SONAMAC - Sona Machinery
Financial Performance
Revenue Growth by Segment
The company operates in a single business segment: manufacturing agro-processing equipment. Revenue from operations grew by 515.2% YoY, increasing from INR 13.27 Cr in FY24 to INR 81.65 Cr in FY25.
Geographic Revenue Split
Not disclosed in available documents; however, the company operates a 52,205 sq. ft. manufacturing facility in Ghaziabad, Uttar Pradesh.
Profitability Margins
Net Profit Margin improved significantly from 0.76% in FY24 to 12.82% in FY25. Profit After Tax (PAT) grew from INR 10.15 Lakhs to INR 10.47 Cr during the same period.
EBITDA Margin
EBITDA margin is approximately 17.9% for FY25, calculated from a Profit Before Tax of INR 14.08 Cr and Finance Costs of INR 58.48 Lakhs against total revenue of INR 81.65 Cr.
Capital Expenditure
The company holds Property, Plant, and Equipment (PPE) valued at INR 22.69 Cr as of March 31, 2025, representing 23.8% of total assets.
Credit Rating & Borrowing
The company maintains a vehicle loan from Mercedes-Benz Financial Services for INR 1.00 Cr at an interest rate of 8.70% PA with a 60-month tenure.
Operational Drivers
Raw Materials
Steel and mechanical components for agro-machinery; Cost of Materials Consumed represented 35.6% of total revenue in FY25, amounting to INR 29.04 Cr.
Capacity Expansion
Current facility is 52,205 sq. ft. in Ghaziabad. Planned expansion details are not explicitly quantified in the provided documents.
Raw Material Costs
Raw material costs were INR 29.04 Cr in FY25, up from INR 13.29 Cr in FY24, though as a percentage of revenue, they decreased significantly due to higher scale and pricing power.
Manufacturing Efficiency
The company is an ISO 9001:2015 certified OEM, indicating standardized manufacturing processes for its post-harvest equipment.
Strategic Growth
Expected Growth Rate
91.60%
Growth Strategy
Growth is driven by providing comprehensive end-to-end solutions including engineering, erection, supervision, and machine commissioning. The company transitioned from a proprietorship (Sona Foods India) to a public limited entity to scale operations and leverage IPO proceeds of INR 51.82 Cr for expansion.
Products & Services
Equipment for cleaning, processing, polishing, and packaging of rice, pulses, wheat, spices, and barnyard millet.
Brand Portfolio
Sona Machinery
New Products/Services
The company recently expanded its focus to include specialized equipment for Barnyard Millet processing.
Market Expansion
The company is targeting the post-harvest agro-processing industry with a focus on diversifying its equipment range beyond traditional rice and wheat processing.
External Factors
Industry Trends
The industry is shifting toward automated, end-to-end post-harvest solutions to reduce wastage. Sona Machinery is positioned as an ISO-certified OEM to capture this shift in the agro-processing machinery market.
Competitive Landscape
Operates as an OEM in the diversified agro-processing equipment manufacturing sector against both organized and unorganized players.
Competitive Moat
The company possesses a 20-year legacy in the industry (originating from Sona Foods India in 2003) and holds ISO 9001:2015 certification, providing a competitive advantage in technical expertise and brand trust.

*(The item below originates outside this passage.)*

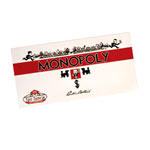 1935-edition Monopoly game (available this fall), Parker Bros..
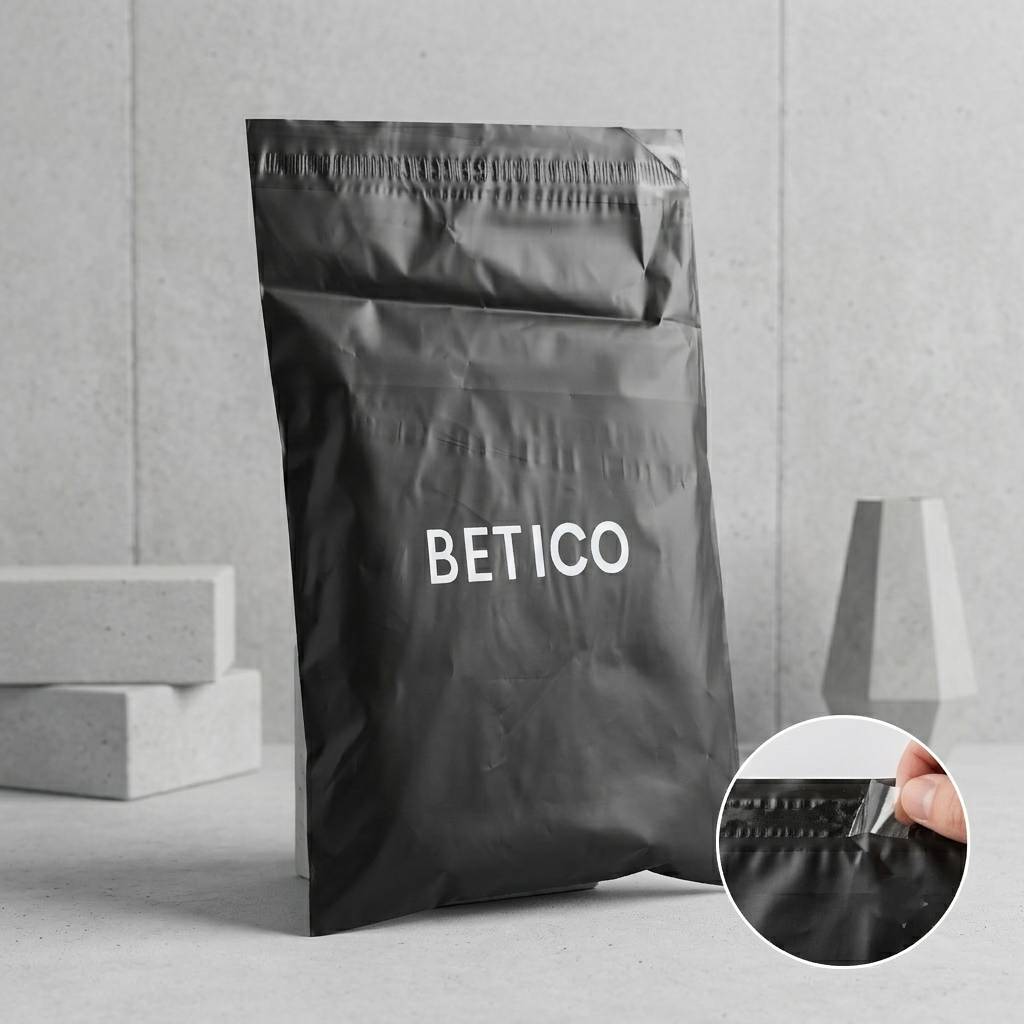 Thicker Non-See-Through Poly Self-Seal Mailer Bag Manufacturer Thicker Non-See-Through Poly Self-Seal Mailer Bag Manufacturer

Macro Economic Sensitivity
Highly sensitive to the agro-processing sector and post-harvest infrastructure spending in India.
Consumer Behavior
Increased demand for processed and packaged grains and spices is driving millers to upgrade to high-tech cleaning and polishing machinery.
Regulatory & Governance
Industry Regulations
Subject to the Companies Act 2013 and SEBI (LODR) Regulations 2015 following its conversion to a public company and subsequent listing.
Taxation Policy Impact
The effective tax rate for FY25 was approximately 25.6%, with a tax expense of INR 3.61 Cr on a PBT of INR 14.08 Cr.
Legal Contingencies
The secretarial audit and statutory audit reports for FY25 did not report any material pending litigations or adverse court cases.
Risk Analysis
Key Uncertainties
The implementation of the inventory module in the new Business Central ERP system mid-year is a key uncertainty, with a potential impact on financial reporting accuracy.
Geographic Concentration Risk
Manufacturing is concentrated in a single location in Ghaziabad, Uttar Pradesh.
Technology Obsolescence Risk
The company mitigates technology risk by positioning itself as an OEM of 'cutting-edge technology solutions' for the post-harvest industry.
Credit & Counterparty Risk
Trade receivables stood at INR 9.53 Cr in FY25, representing approximately 11.7% of annual revenue, indicating healthy collections.